§ Task goal
Up to and including the line bearing "Design Considerations. Before", output every line of the entries exactly as written, starting from the first; pictures stay out.

━━━ Input records

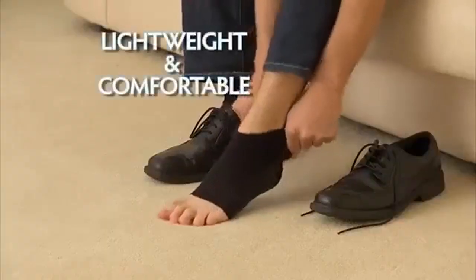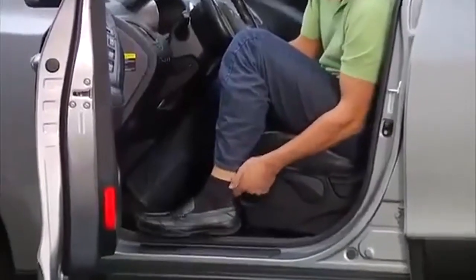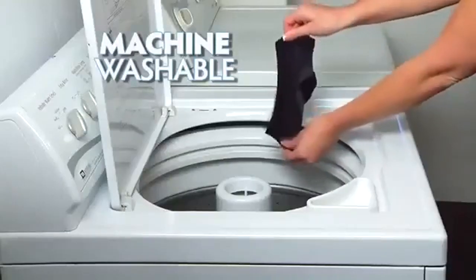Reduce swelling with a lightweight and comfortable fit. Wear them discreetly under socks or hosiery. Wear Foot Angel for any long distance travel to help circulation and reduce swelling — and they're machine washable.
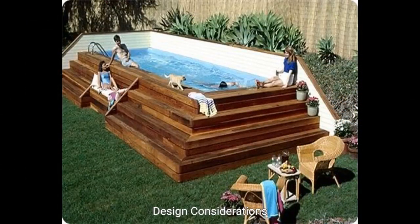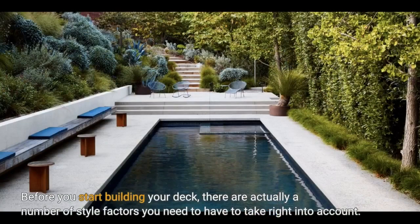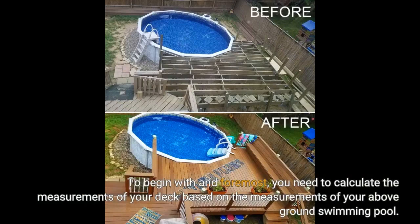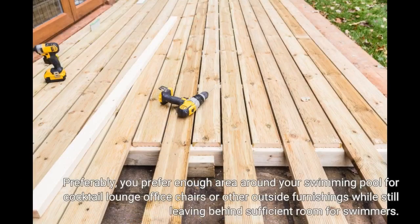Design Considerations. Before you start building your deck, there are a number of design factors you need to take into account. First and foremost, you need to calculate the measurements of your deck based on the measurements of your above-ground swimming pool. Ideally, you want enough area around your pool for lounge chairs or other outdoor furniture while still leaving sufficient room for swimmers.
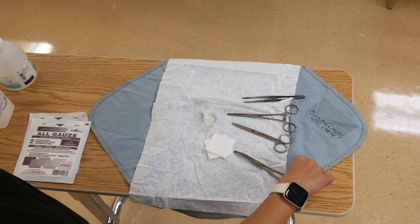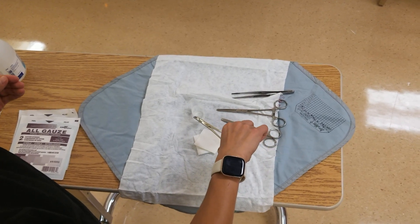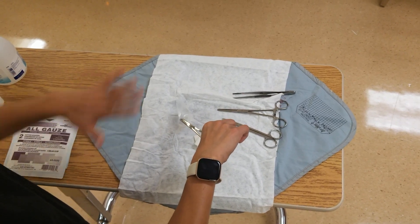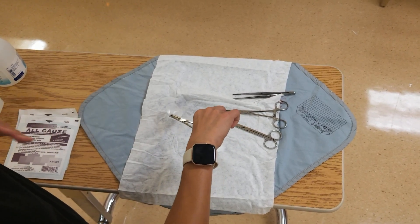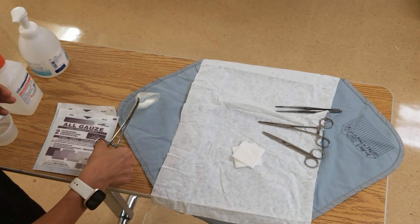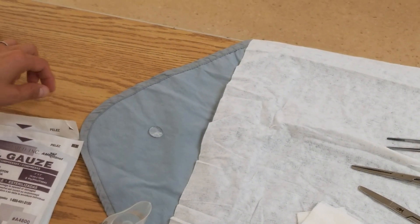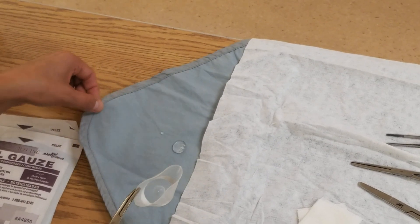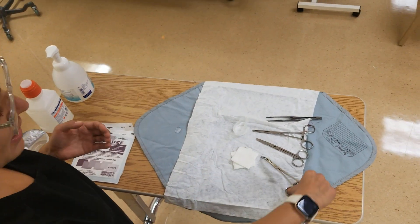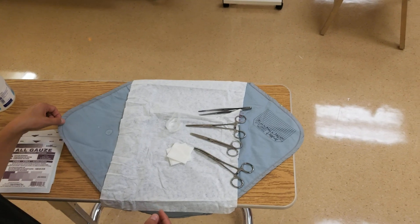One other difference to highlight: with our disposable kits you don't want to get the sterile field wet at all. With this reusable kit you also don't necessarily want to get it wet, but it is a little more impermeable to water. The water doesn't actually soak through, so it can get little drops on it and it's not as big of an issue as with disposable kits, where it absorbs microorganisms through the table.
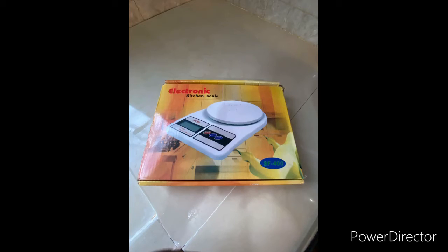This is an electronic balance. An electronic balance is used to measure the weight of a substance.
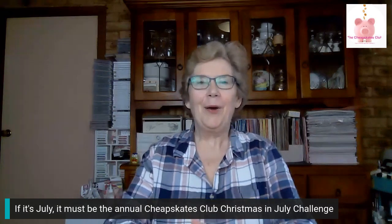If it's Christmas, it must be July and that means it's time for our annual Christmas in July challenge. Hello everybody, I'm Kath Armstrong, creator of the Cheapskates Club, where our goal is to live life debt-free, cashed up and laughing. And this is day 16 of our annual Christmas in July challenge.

━━━━━━

§ Solution
Reduce swelling with a lightweight and comfortable fit. Wear them discreetly under socks or hosiery. Wear Foot Angel for any long distance travel to help circulation and reduce swelling — and they're machine washable.
Design Considerations. Before you start building your deck, there are a number of design factors you need to take into account. First and foremost, you need to calculate the measurements of your deck based on the measurements of your above-ground swimming pool. Ideally, you want enough area around your pool for lounge chairs or other outdoor furniture while still leaving sufficient room for swimmers.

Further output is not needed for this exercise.